Other speakers also covered such topics as the need to reform campaign financing and the evils of the Trans-Pacific Partnership.

Greep and Eidt are part of the so-called revolution in policy and government that Sanders promises. In the long term, their goal is to push the Sanders program if he wins and to elect state and congressional legislators who support his ideas. In the short term, their goal is to recruit members of existing groups — like Greep’s and Eidt’s organizations — to volunteer for the Sanders campaign.

It’s an intellectual approach to politics in an era when campaigns are driven by hot rhetoric and sensational charges — both beloved by a media industry more concerned with cheap Internet hits than with the intelligent gathering and explaining of the news.

It’s also an appeal to those seeking serious answers to the issues of unequal income, inadequate health care, environmental exploitation and the many other ills that are making Americans angry.
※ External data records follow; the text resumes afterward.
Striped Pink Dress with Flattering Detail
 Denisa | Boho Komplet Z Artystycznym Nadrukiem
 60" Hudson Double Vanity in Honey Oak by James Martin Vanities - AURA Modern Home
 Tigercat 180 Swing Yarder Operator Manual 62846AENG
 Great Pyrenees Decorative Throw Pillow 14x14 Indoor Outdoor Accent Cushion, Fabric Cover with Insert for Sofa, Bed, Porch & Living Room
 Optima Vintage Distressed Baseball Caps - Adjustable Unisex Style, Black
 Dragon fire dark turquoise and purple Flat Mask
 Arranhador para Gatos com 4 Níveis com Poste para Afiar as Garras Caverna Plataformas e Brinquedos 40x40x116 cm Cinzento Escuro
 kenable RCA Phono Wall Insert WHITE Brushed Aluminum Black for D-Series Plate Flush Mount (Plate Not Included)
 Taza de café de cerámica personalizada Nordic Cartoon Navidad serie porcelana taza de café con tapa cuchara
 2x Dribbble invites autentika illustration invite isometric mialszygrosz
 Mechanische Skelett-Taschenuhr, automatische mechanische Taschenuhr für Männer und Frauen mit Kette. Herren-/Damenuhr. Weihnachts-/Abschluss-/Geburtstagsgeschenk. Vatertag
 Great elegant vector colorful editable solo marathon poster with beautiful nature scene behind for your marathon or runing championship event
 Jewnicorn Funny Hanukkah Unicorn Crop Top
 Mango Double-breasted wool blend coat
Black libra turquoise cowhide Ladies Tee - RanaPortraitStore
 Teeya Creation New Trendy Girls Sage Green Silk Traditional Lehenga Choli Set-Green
This approach addresses the causes of that voter anger rather than just screaming, Trump-style, and it gives substance to the Sanders ground operations in Iowa and New Hampshire.

We’ll see how it works in those two states. Sanders will need plenty of help from voters considerably younger than those in the movie theater audience, and he’ll need these young voters to turn up to vote.

If he runs strongly in Iowa and New Hampshire, it’s on to South Carolina, where the Democratic primary will be held Feb. 27. One poll has him trailing Clinton by 22 points, and another (the Fox News poll) says he is behind by 44 points.

“If we win in South Carolina,” Sanders said in his live-streamed speech Saturday, “it’s a path to victory.”